> **EXERCISE AIM**: Since the listing below shows pictures, leave them out and write out exactly the lines from the line with "Silviadewell" to the line with "Veronella Sahara Right-Arm", both included, and no others.

> **MATERIALS PROVIDED**:
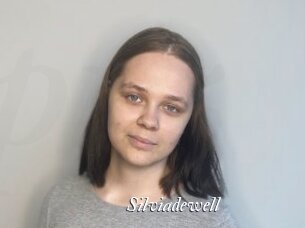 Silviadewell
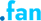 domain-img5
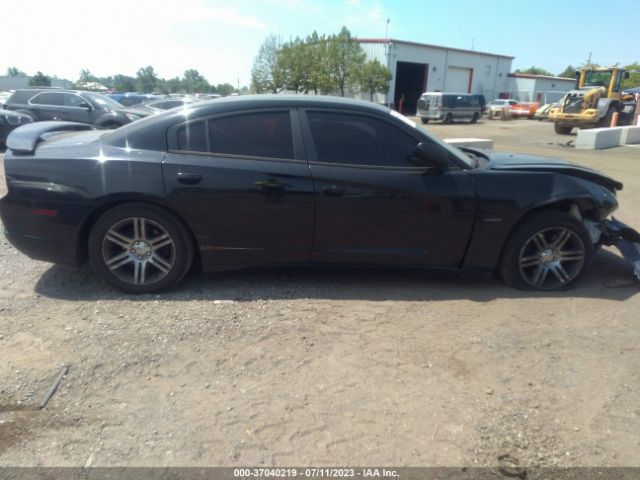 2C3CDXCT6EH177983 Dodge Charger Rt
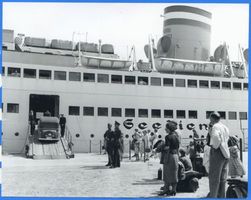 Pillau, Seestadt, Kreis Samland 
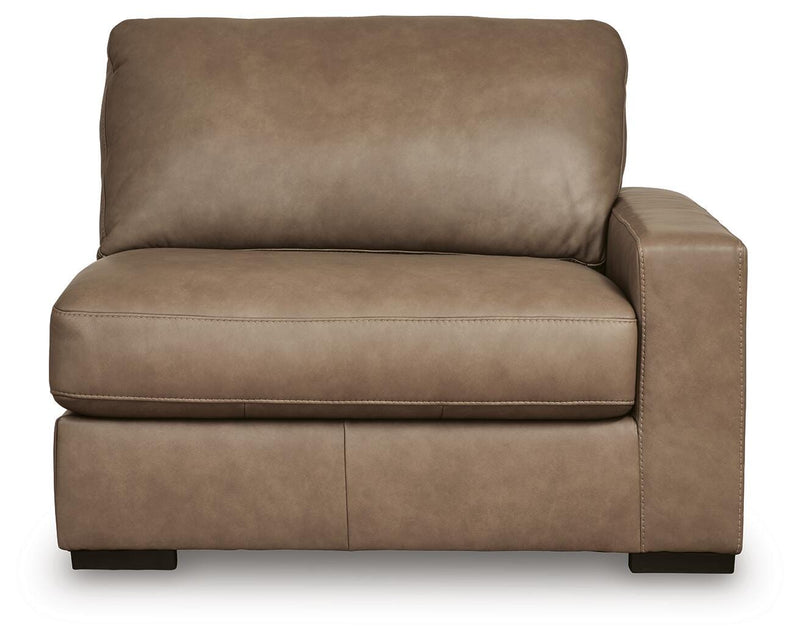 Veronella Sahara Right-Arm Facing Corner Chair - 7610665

...

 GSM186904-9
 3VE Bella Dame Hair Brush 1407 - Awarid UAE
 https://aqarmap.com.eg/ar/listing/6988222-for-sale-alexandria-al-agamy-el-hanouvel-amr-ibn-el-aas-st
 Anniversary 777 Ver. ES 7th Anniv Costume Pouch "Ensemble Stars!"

==

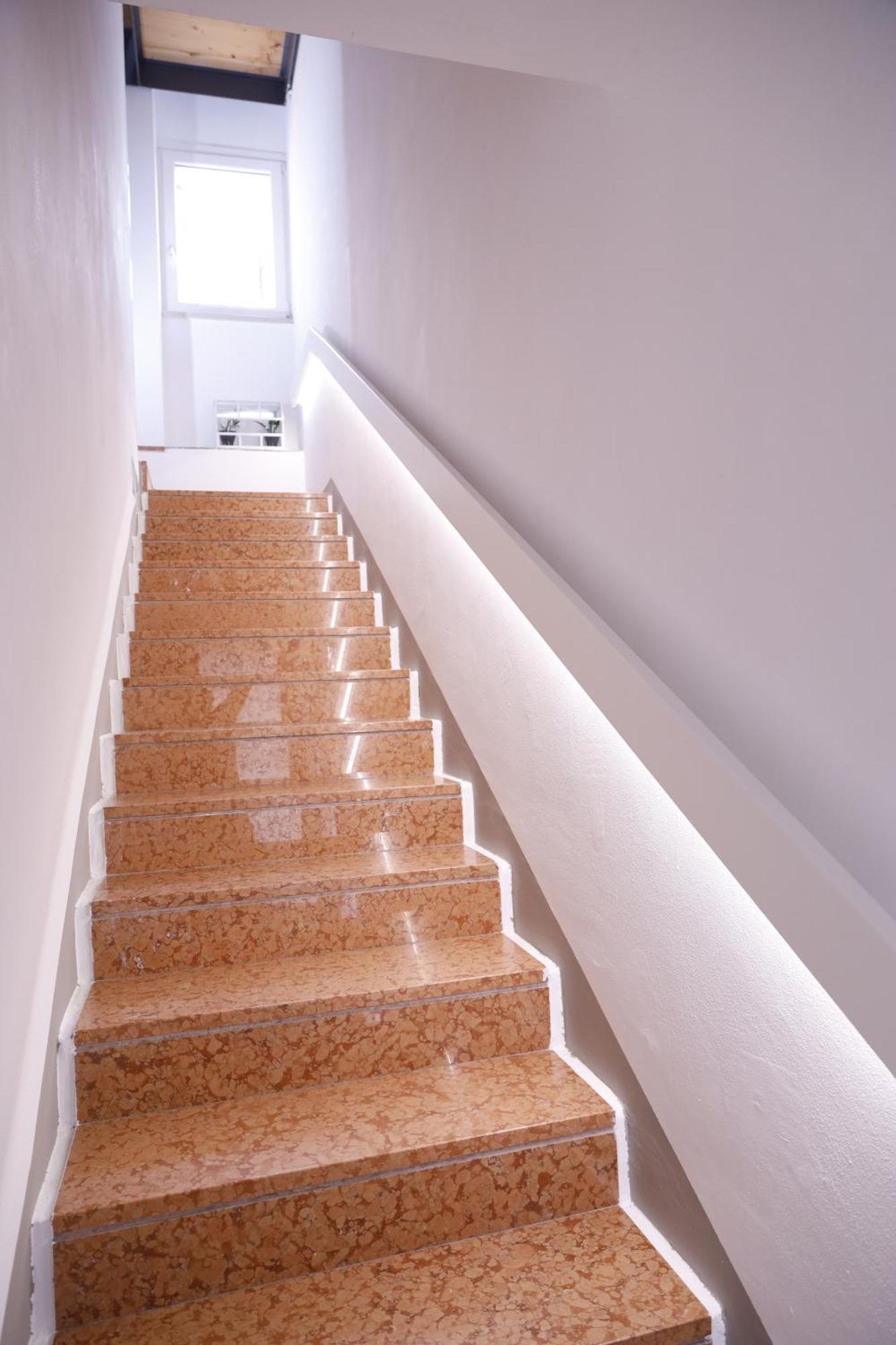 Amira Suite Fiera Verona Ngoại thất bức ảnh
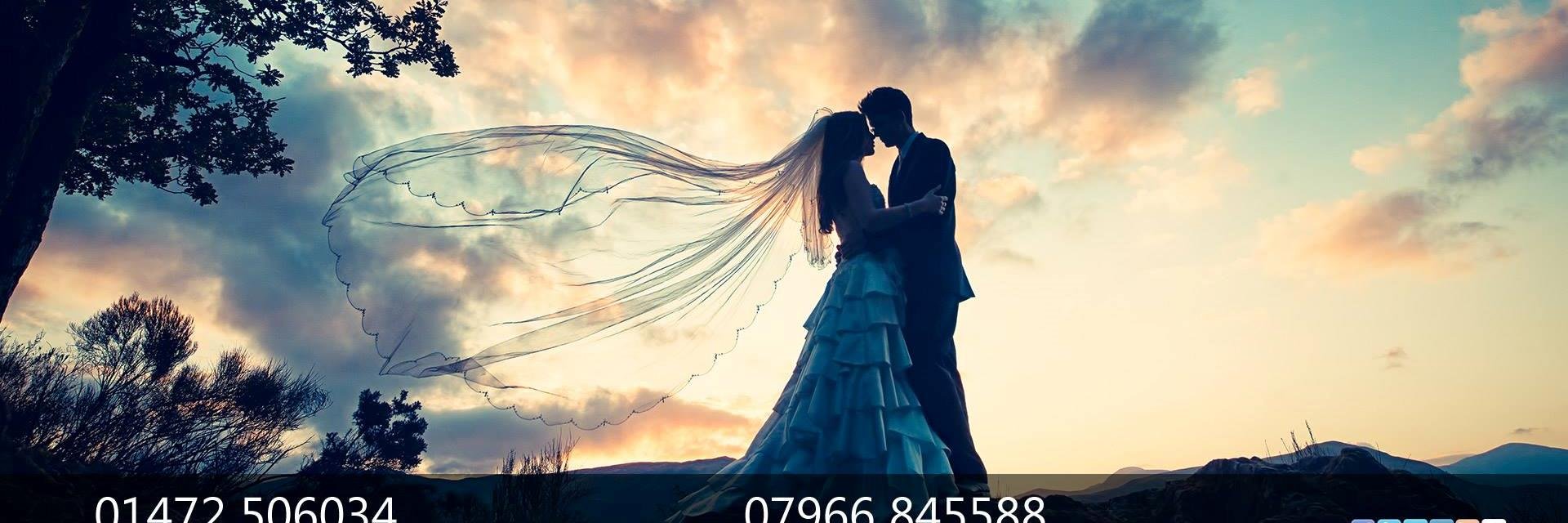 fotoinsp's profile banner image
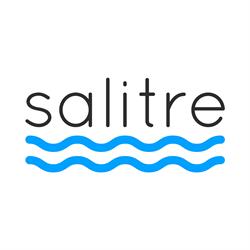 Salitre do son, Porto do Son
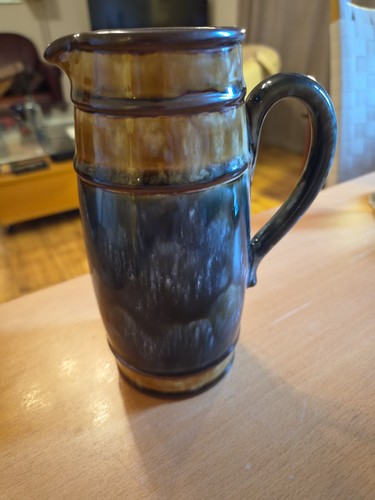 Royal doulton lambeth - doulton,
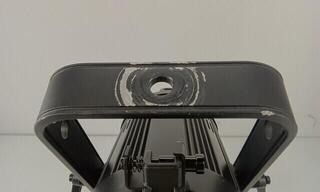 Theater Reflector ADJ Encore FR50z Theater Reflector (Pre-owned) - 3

> **REPLY TO THE EXERCISE**:
 Silviadewell
 domain-img5
 2C3CDXCT6EH177983 Dodge Charger Rt
 Pillau, Seestadt, Kreis Samland 
 Veronella Sahara Right-Arm Facing Corner Chair - 7610665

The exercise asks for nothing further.